June Amazon rainforest fires reach a 15-year high
Deforested area in the Brazilian Amazon. Photo: Op VERDE BRASIL/17

New data released by Brazil’s National Institute of Space Research, which tracks deforestation and forest fires using satellite imagery, shows 2,562 fires in the Amazon rainforest throughout June. That’s the highest number for the month since 2007, when 3,519 fires were recorded. 

The record for June is still held by 2004, with 9,179 fires.

Since the beginning of the year, the Amazon biome has already had more than 7,000 outbreaks.

The destruction of the Amazon rainforest has increased since Jair Bolsonaro took office in 2019. His government has been systematically reducing efforts to fight and prevent illegal logging, ranching, and mining.

And environmental crimes are just one of the biome’s problems.
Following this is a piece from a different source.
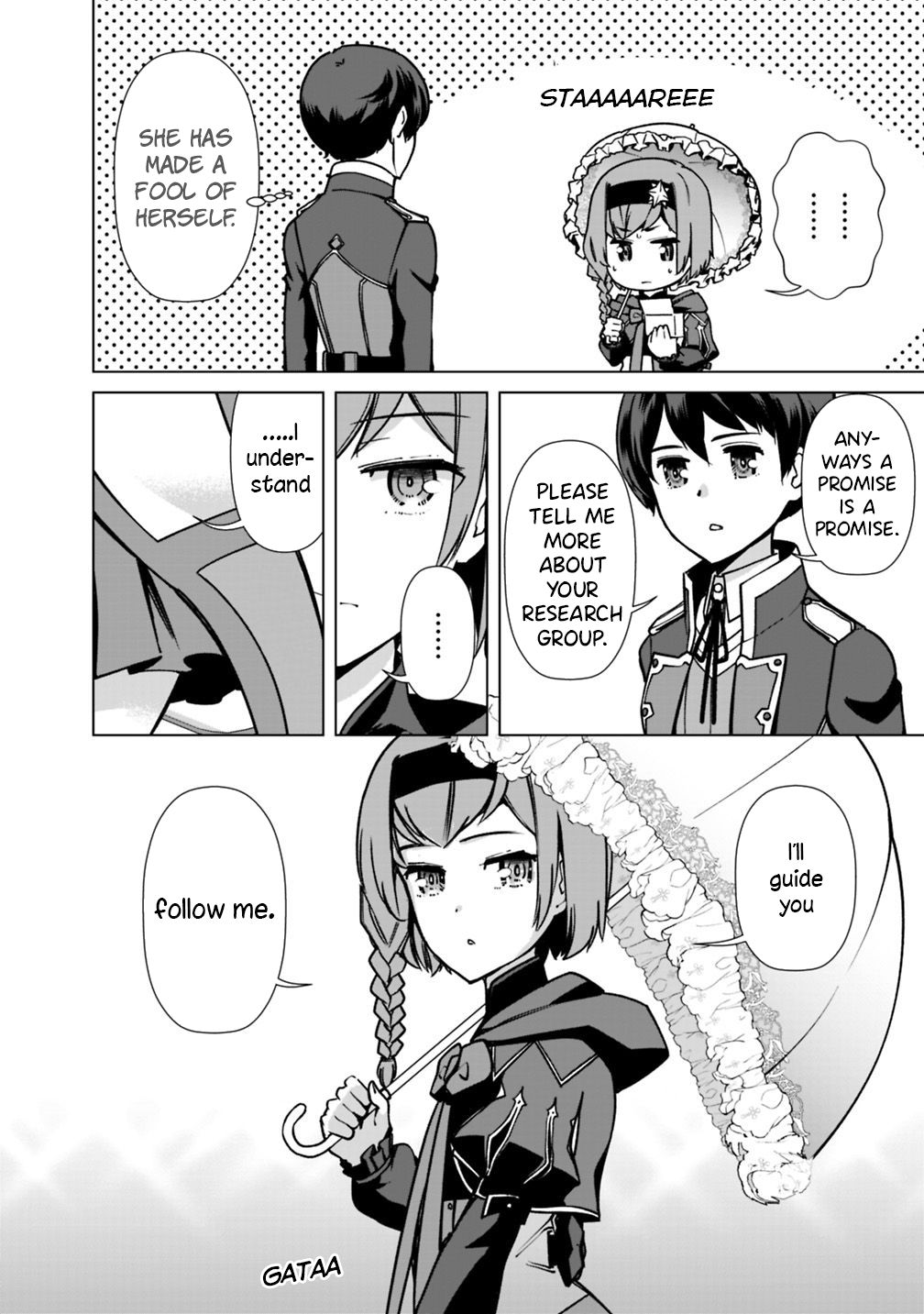 The Reincarnation Magician Of The Inferior Eyes Chapter 28 page 9 - Chapter 28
The 16th Brazilian Public Security Yearbook, released on Tuesday, shows that the rate of lethal violence in the Legal Amazon region is 38 percent higher than the national average.

The murder of the indigenous expert Bruno Pereira and the British journalist Dom Phillips is an emblematic case of this violence and of a region than can be described as a “land without law.”

A week ago, data from Imazon, an NGO, showed that rainforest deforestation was also at a 15-year high: 3,360 square kilometers of forest were lost.